(EXTRACTED ENTRIES begins)

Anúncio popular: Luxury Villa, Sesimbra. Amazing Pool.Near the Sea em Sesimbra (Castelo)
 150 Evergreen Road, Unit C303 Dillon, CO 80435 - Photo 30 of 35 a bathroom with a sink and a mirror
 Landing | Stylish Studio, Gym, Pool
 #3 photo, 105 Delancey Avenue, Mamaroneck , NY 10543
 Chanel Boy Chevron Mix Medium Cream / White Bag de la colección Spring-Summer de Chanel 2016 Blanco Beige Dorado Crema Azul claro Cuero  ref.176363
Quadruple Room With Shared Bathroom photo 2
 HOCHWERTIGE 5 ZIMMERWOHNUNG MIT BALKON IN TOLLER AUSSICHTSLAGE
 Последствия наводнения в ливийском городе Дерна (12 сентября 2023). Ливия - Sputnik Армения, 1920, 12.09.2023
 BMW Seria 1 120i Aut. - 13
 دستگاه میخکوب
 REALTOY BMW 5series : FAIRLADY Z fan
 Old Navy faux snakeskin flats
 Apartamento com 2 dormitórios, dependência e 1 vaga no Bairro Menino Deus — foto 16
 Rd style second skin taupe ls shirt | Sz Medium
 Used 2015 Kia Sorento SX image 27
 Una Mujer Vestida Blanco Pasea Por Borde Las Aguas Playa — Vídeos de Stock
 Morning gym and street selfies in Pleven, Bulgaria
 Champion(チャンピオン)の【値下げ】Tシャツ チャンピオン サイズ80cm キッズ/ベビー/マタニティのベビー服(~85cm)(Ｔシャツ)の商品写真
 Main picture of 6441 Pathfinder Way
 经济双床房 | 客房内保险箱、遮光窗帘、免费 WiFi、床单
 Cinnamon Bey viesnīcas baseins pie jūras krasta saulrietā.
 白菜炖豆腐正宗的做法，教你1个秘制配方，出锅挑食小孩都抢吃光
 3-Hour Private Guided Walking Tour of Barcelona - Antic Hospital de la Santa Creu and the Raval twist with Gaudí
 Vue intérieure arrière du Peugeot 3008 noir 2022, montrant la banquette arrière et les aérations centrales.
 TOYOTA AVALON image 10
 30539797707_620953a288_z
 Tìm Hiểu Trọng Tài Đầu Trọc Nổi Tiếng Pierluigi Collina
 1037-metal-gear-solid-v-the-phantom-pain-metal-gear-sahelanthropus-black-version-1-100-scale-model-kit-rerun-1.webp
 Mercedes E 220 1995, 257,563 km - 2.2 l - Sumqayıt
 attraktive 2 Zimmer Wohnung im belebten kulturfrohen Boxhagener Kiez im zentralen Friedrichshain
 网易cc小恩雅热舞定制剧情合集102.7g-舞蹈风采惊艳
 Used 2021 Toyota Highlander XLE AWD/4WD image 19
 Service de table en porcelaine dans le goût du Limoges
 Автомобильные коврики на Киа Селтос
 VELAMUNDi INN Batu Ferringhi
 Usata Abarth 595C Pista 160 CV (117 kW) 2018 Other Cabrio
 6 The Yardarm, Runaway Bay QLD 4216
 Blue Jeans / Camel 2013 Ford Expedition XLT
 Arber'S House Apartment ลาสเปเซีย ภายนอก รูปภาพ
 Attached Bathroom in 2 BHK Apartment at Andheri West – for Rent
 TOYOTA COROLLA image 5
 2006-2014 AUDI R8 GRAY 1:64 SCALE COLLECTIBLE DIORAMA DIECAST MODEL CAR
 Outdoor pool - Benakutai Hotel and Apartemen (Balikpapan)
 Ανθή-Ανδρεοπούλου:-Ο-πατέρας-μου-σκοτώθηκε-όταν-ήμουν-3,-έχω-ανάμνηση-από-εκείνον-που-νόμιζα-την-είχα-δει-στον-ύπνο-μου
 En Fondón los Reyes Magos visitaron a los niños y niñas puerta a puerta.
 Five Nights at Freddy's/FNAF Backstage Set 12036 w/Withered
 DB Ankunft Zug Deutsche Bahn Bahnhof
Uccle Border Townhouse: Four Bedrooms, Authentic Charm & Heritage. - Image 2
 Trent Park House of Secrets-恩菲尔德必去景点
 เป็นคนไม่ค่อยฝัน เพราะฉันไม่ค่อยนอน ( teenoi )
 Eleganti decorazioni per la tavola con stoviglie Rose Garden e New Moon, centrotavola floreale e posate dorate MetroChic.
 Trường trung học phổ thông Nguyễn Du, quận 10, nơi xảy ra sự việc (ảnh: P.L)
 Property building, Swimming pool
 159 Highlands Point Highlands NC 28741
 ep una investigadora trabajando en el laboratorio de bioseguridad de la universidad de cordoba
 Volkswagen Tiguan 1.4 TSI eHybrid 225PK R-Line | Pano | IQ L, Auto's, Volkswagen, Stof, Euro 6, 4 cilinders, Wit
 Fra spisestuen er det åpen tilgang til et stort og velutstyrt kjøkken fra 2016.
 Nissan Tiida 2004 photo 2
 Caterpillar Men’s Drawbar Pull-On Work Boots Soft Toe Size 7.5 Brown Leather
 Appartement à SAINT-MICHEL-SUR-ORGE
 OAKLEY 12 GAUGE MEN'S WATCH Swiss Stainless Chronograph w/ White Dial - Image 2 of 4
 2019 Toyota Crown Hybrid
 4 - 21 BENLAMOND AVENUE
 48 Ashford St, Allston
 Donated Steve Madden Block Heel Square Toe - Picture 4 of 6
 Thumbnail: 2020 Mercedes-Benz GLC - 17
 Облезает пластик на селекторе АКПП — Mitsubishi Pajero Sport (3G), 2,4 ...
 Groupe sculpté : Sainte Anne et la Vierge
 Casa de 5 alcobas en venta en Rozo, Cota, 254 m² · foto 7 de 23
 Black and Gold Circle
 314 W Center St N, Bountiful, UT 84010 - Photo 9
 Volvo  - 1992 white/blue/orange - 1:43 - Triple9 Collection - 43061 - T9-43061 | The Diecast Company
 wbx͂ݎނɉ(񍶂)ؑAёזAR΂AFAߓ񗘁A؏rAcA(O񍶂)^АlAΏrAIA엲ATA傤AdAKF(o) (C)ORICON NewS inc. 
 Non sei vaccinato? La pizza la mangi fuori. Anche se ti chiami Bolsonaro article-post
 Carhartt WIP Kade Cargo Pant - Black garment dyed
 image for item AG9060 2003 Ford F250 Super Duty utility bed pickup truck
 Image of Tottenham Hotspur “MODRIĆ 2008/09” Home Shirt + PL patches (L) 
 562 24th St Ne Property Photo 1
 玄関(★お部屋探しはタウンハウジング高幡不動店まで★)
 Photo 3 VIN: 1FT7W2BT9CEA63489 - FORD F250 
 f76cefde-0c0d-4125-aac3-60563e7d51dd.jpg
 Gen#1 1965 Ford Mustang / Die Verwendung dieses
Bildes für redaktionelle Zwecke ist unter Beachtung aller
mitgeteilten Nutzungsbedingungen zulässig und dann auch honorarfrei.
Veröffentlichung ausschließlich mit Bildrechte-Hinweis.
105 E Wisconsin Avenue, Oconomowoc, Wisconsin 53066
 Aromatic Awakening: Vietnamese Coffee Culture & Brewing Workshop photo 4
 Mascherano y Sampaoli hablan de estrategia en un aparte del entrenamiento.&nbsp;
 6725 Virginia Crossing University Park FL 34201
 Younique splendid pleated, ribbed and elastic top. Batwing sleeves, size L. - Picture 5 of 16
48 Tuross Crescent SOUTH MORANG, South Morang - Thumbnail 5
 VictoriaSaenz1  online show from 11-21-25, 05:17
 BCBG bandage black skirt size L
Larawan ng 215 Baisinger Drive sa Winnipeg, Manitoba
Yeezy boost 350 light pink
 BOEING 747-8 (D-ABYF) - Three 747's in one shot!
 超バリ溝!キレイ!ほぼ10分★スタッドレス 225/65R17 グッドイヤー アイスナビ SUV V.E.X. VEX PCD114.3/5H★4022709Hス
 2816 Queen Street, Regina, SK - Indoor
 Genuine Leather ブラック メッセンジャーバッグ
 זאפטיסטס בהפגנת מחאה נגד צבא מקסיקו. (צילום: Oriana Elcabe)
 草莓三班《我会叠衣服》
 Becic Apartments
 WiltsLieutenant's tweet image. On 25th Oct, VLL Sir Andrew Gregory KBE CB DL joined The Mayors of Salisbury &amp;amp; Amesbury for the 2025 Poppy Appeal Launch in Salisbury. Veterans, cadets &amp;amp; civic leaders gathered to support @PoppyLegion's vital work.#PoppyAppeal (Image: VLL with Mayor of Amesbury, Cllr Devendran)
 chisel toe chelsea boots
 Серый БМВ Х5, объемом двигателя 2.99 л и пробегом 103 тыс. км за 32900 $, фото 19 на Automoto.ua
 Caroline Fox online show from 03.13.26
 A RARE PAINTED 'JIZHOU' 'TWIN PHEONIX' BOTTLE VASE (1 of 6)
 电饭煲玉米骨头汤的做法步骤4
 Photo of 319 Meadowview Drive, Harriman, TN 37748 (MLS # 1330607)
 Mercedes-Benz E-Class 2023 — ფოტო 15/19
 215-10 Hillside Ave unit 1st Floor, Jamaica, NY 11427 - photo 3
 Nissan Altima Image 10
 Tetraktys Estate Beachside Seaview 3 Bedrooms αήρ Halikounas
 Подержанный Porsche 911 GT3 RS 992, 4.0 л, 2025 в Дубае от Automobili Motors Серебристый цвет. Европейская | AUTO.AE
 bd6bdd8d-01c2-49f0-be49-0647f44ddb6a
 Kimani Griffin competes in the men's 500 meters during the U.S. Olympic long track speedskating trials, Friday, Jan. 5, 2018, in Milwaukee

(EXTRACTED ENTRIES ends)

| EXERCISE |
From the entries above, write out only the lines starting at the line that holds "Rd style second" and ending at the line that holds "Usata Abarth 595C", keeping both and matching them exactly.

| ANSWER TO THIS TASK |
 Rd style second skin taupe ls shirt | Sz Medium
 Used 2015 Kia Sorento SX image 27
 Una Mujer Vestida Blanco Pasea Por Borde Las Aguas Playa — Vídeos de Stock
 Morning gym and street selfies in Pleven, Bulgaria
 Champion(チャンピオン)の【値下げ】Tシャツ チャンピオン サイズ80cm キッズ/ベビー/マタニティのベビー服(~85cm)(Ｔシャツ)の商品写真
 Main picture of 6441 Pathfinder Way
 经济双床房 | 客房内保险箱、遮光窗帘、免费 WiFi、床单
 Cinnamon Bey viesnīcas baseins pie jūras krasta saulrietā.
 白菜炖豆腐正宗的做法，教你1个秘制配方，出锅挑食小孩都抢吃光
 3-Hour Private Guided Walking Tour of Barcelona - Antic Hospital de la Santa Creu and the Raval twist with Gaudí
 Vue intérieure arrière du Peugeot 3008 noir 2022, montrant la banquette arrière et les aérations centrales.
 TOYOTA AVALON image 10
 30539797707_620953a288_z
 Tìm Hiểu Trọng Tài Đầu Trọc Nổi Tiếng Pierluigi Collina
 1037-metal-gear-solid-v-the-phantom-pain-metal-gear-sahelanthropus-black-version-1-100-scale-model-kit-rerun-1.webp
 Mercedes E 220 1995, 257,563 km - 2.2 l - Sumqayıt
 attraktive 2 Zimmer Wohnung im belebten kulturfrohen Boxhagener Kiez im zentralen Friedrichshain
 网易cc小恩雅热舞定制剧情合集102.7g-舞蹈风采惊艳
 Used 2021 Toyota Highlander XLE AWD/4WD image 19
 Service de table en porcelaine dans le goût du Limoges
 Автомобильные коврики на Киа Селтос
 VELAMUNDi INN Batu Ferringhi
 Usata Abarth 595C Pista 160 CV (117 kW) 2018 Other Cabrio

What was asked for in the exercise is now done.